Sunday, October 31, 2010

A fine Halloween

Sometimes things just don't work out despite you best laid plans. But sometimes the wind is right, and the star align just so and a plan comes together. 
Like this Halloween, Samhain, Day of the Dead (not the Romeroesque one) or All Souls Night whatever you want to call it.

After some of the pinheaded comments over on Birmo’s Blunt Instrument I decided to make some effort for 31 October. I picked up a decent pumpkin from the Queen Victoria Markets, and on Sunday the_weapon drew his design,  I carved and we both scooped out the innards.

The jack-o-lantern was surprisingly easy and next year will embark on a more challenging design. So Jack now displayed in pride of place in the front window next to the door. That way any trick or treaters would know they would find welcome. We had prepared toffee apples, and filled a bowl with an assortment of wrapped lollies to reward any seekers.

The seeds we kept, washed, dried added a bit of virgin olive oil and some sea salt and an hour later in a hot over and we had a bowl of Pepitas to snack on while watching a suitable Halloween movie. But which to choose. The local DVD store was of little help.

Then that confluence of good fortune came to be. The Astor is an old cinema in Melbourne east big screen, great art deco and magnificent choctops. 
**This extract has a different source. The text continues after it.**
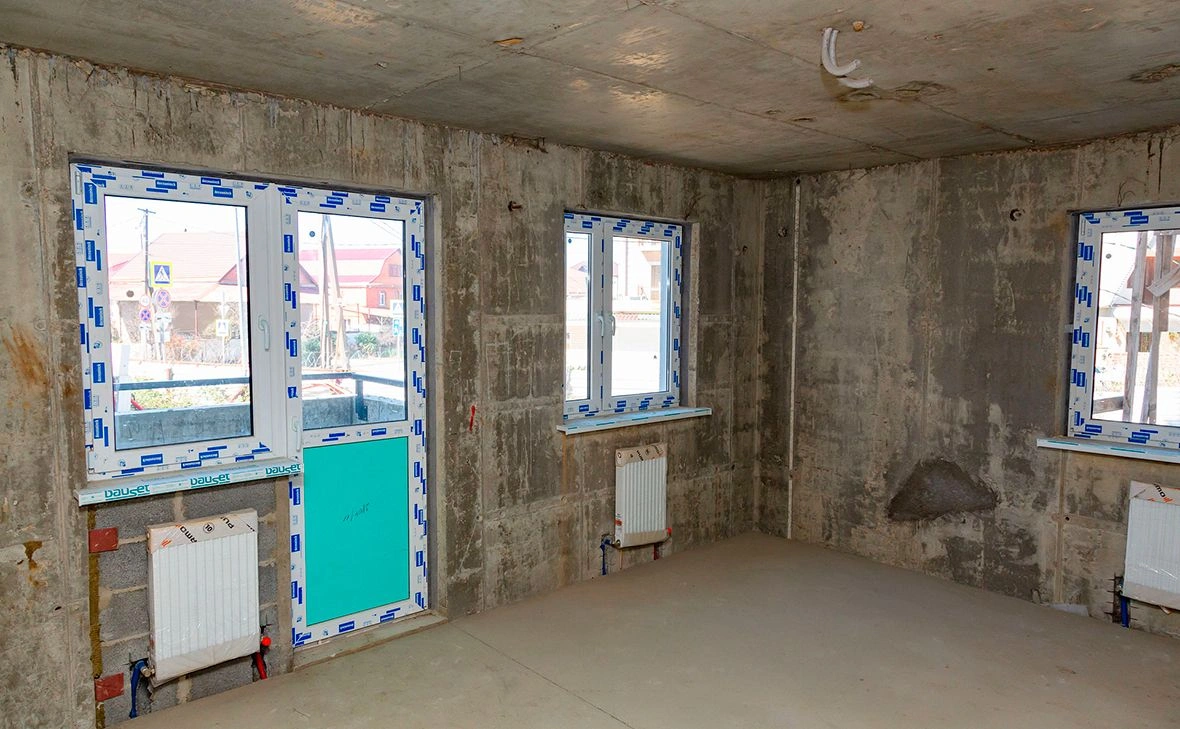 Apartamentos con vistas impresionantes de las montañas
When I saw what was screening tonight – the choice was obvious. I even had the right shirt  thanks to Flinthart.
 

The_weapon loved it, and would be happy to go to the next school book week as Herbie West

.

How was everyone else's Halloween? 



Saturday, October 30, 2010

Most fun to be had in a Zombie novel for a while

Any book which has George Romero honored as savior of humanity and talks about his shambling re-animated corpse locked in a government research centre is ahead in my book, abiet a severed and rotting head.

                                                  
FEED by Mira Grant AKA Seanan McGuire, (you'll never see them in the same room together, is the first book in the NewsFlesh trilogy to which all I can say is: Get cracking woman I want the rest of the story.

The world Ms Grant has built is set 20 years after the rising when an experimental cancer therapy combined with genetically engineered flu virus designed to give immunity to the common cold with one heck of a side effect - It raised the dead.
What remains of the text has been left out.